Mary Ann Shaffer & Annie Barrows

By Elise O'Shaughnessy
Published: Nov 11, 2019
Category: Fiction

GUEST BUTLER: Elise O’Shaughnessy was my editor at Vanity Fair. Ah, those were the days.

I’m not crazy about clubs, whether they’d have me as a member or not. And I don’t like reading about book clubs, knitting circles, or sweet potatoes.

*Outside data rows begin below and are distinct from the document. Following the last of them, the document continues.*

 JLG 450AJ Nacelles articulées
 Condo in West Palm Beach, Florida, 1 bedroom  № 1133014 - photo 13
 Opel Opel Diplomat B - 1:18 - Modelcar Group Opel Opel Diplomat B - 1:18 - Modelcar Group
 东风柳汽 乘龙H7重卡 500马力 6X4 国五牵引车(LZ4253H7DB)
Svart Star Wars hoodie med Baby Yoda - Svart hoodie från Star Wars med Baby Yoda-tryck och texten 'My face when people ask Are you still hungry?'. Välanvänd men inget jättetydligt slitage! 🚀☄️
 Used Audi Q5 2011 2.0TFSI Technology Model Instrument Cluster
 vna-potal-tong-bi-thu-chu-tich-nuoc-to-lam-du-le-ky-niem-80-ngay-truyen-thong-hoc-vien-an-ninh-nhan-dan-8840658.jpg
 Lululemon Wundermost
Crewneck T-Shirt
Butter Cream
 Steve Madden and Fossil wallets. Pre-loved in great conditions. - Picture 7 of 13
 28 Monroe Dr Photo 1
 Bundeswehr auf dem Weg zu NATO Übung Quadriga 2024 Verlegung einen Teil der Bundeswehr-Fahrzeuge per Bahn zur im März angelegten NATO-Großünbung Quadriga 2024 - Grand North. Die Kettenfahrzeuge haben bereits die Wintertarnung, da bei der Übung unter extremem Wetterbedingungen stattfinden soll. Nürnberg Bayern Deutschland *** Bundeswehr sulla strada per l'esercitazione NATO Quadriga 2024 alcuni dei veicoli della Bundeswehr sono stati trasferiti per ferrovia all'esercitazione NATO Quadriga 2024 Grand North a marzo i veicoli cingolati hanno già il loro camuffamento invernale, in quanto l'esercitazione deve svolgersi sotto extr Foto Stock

So when the unfortunately titled “The Guernsey Literary and Potato Peel Pie Society” came in the mail, I might not have cracked the novel, except that Guernsey is an unusual setting — among other distinctions, it was occupied by the Germans during World War II, and its northernmost island was the site of the only concentration camp the Nazis built on British soil.

Set in 1946, the book looks back at that Nazi occupation; it is very funny and very sad; and I dog-eared three pages, which I almost never do, so I could revisit certain passages. (“Reading good books ruins you for enjoying bad books,” says one character.) I wasn’t going to stop to savor them right away, because I was dying to find out what happened next.

There is a dramatic back story to the book, too. First-time novelist Mary Ann Shaffer, a former librarian, once visited Guernsey and read all the books about it, including one she couldn’t forget — a chronicle of life on the islands in World War II. When she decided to write a novel, that’s the subject she chose. Shaffer fell ill and died after handing in her first draft; her niece, Annie Barrows, author of the children’s series Ivy and Bean, stepped in to finish Shaffer’s work. It must have been some mild-meld, because the book’s voice is clear as a bell. [To buy the paperback from Amazon, click here. For the Kindle edition, click here. For the audio book, click here.]

In letters between the characters — a literary device I generally find annoying — you hear from the London-sophisticated heroine, Juliet Ashton; her book publicist; and an American publishing tycoon, who wants to marry Juliet; as well as the Guernsey Islanders who formed the world’s most unlikely book club.

This one-of-a kind story starts with Juliet publishing her first book and wondering what to do next. A providential letter from Guernsey leads to a correspondence about books. Soon other members of the Guernsey Literary and Potato Peel Pie Society are writing to Juliet. She’s so taken by their stories about life during the war that she decides to visit the island. But rather than give away more of the plot, I’d like to note something reassuring: The club got started because of six German soldiers and a pig, not because its members were particularly literary.

There is a deft mix of suspense (involving one of the greatest names in English literature), romance, and history, as Julia gets more and more involved with a world quite unlike her own. Shaffer was a World War II buff, with a librarian’s respect for accuracy, so the portrait of life in Nazi-occupied Guernsey is firmly rooted in fact.

This is a story about, by, and for book-lovers. If you’re reading this, that means you.